The speaking gifts (pastor/teacher, evangelist) are more prominent than the serving gifts (helps or generosity) but are no less important. The Corinthians were messing that up too, exalting the speaking gifts and downplaying the serving gifts. That’s why Paul wrote…

1 Corinthians 12:21–22 (ESV) — 21 The eye cannot say to the hand, “I have no need of you,” nor again the head to the feet, “I have no need of you.” 22 On the contrary, the parts of the body that seem to be weaker are indispensable,

Every part of our bodies is important and serves a critical purpose. The eye needs the hand to get out an eyelash. The head needs the feet to carry it to the dinner table. And many parts of the body that don’t get much attention are as equally indispensable as parts that do. In context, Paul is talking about how this relates to the body of Christ and the members of it in relation to grace-gifts.

In March of 1981, President Ronald Reagan was shot by John Hinckley, Jr., and was hospitalized for several weeks. In 1968 the New York City garbage men went on strike for nine days.

Which do you think is more important, the President or the garbage men? Consider this…

Although Reagan was the nation’s chief executive, his hospitalization had little impact on the nation’s activity. Government continued on. In contrast, it is said NYC looked like [“a vast slum as mounds of refuse grow higher and strong winds whirl the filth through the streets.” …there were about 30,000 tons of trash on the streets, a number that would grow to 100,000 tons…“Garbage was piled chest-high. Egg shells, coffee grounds, milk cartons, orange rinds, and empty beer cans littered the sidewalk.”]

Both the president and the garbage collectors are vital, they just serve different functions!

It’s the same way with grace-gifts. Both the speaking and serving grace-gifts give God glory, and that’s all that matters.


Grace gifts are discovered by serving (not necessarily by taking a spiritual inventory evaluation).

I like the way Henry Blackaby looks at this. He says that instead of trying to discover our gifts so that we might use them, we should instead seek an assignment first, and discover our gifts along the way.

My story of how I came to discover I had the gift of teaching…

I would encourage you to not only pray about discovering your grace-gifts but go ahead and start serving until you find that sweet spot.

Let me be a little blunt for a minute. I’m pretty sure one reason the church flounders is because too many folks are sitting on their grace-gifts, too many folks aren’t trying to discover their sweet spot.

That’s why we fuss so much and get so little done. When you’re serving you don’t have time to fuss!

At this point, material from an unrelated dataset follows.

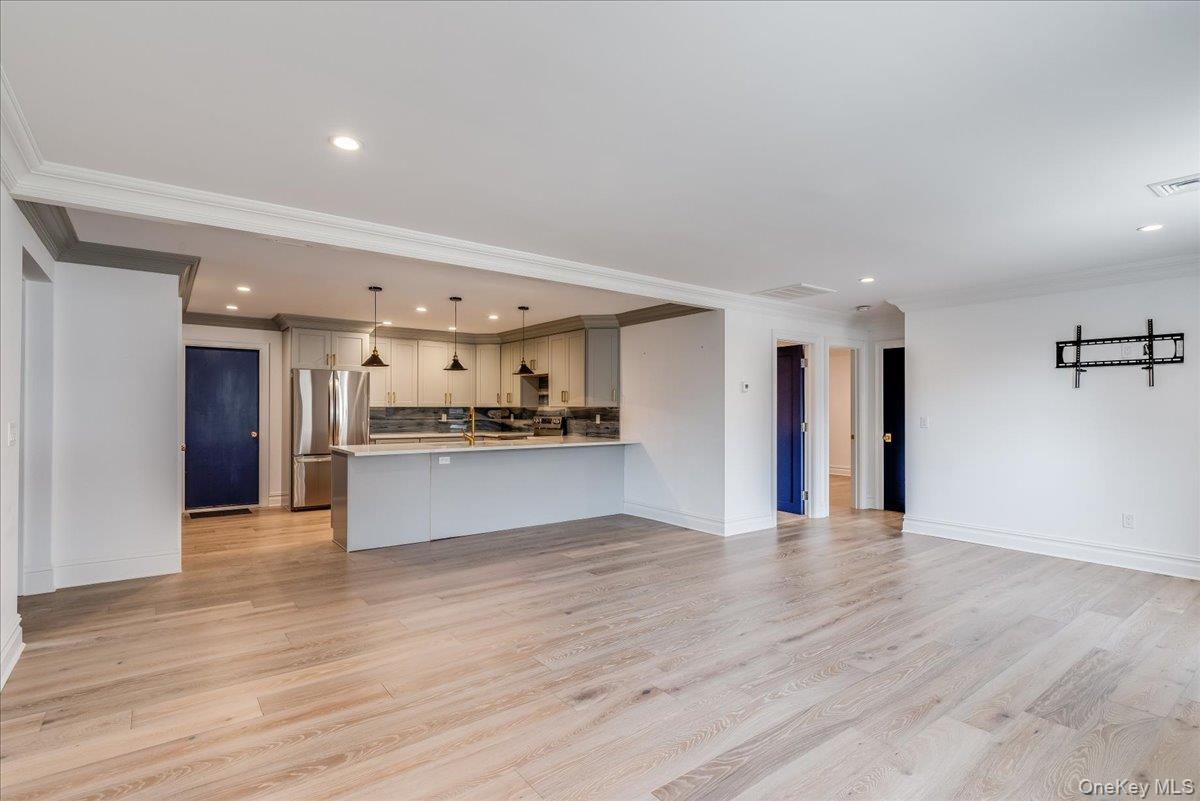 Huntington, New York 11743, United States, 2 Bedrooms Bedrooms, ,2 BathroomsBathrooms,Residential,Active,239685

And think about all the opportunities lost because part of the body (the community of faith) isn’t employing it’s grace-gifts in ministering the gospel.

Conclusion: Let’s look back at what Peter said about grace-gifts one last time…

10 As each has received a gift, use it to serve one another, as good stewards of God’s varied grace: 

If God empowers us with grace-gifts then he owns them. If he owns them and puts us in charge of them that makes us managers. If someone said, “I’d like to speak to the manager,” concerning grace-gifts, who shows up? We do.

One fellow said…

“All too often we regard stewardship simply as a matter of our giving to God, but this aspect is secondary. Before we can give, we must possess, and before we possess we must receive. Therefore, stewardship is, in the first place, receiving God's good and bounteous gifts. And once received, those gifts are not to be used solely for our own good. They must also be used for the benefit of others, and ultimately for the glory of God the giver. The steward needs an open hand to receive from God and then an active hand to give to God and to others.”

Repeat after me… Grace-gifts are given to us from God. That makes me a steward of them. Therefore I must use those gifts in serving others.

The greatest grace-gift ever given is Jesus!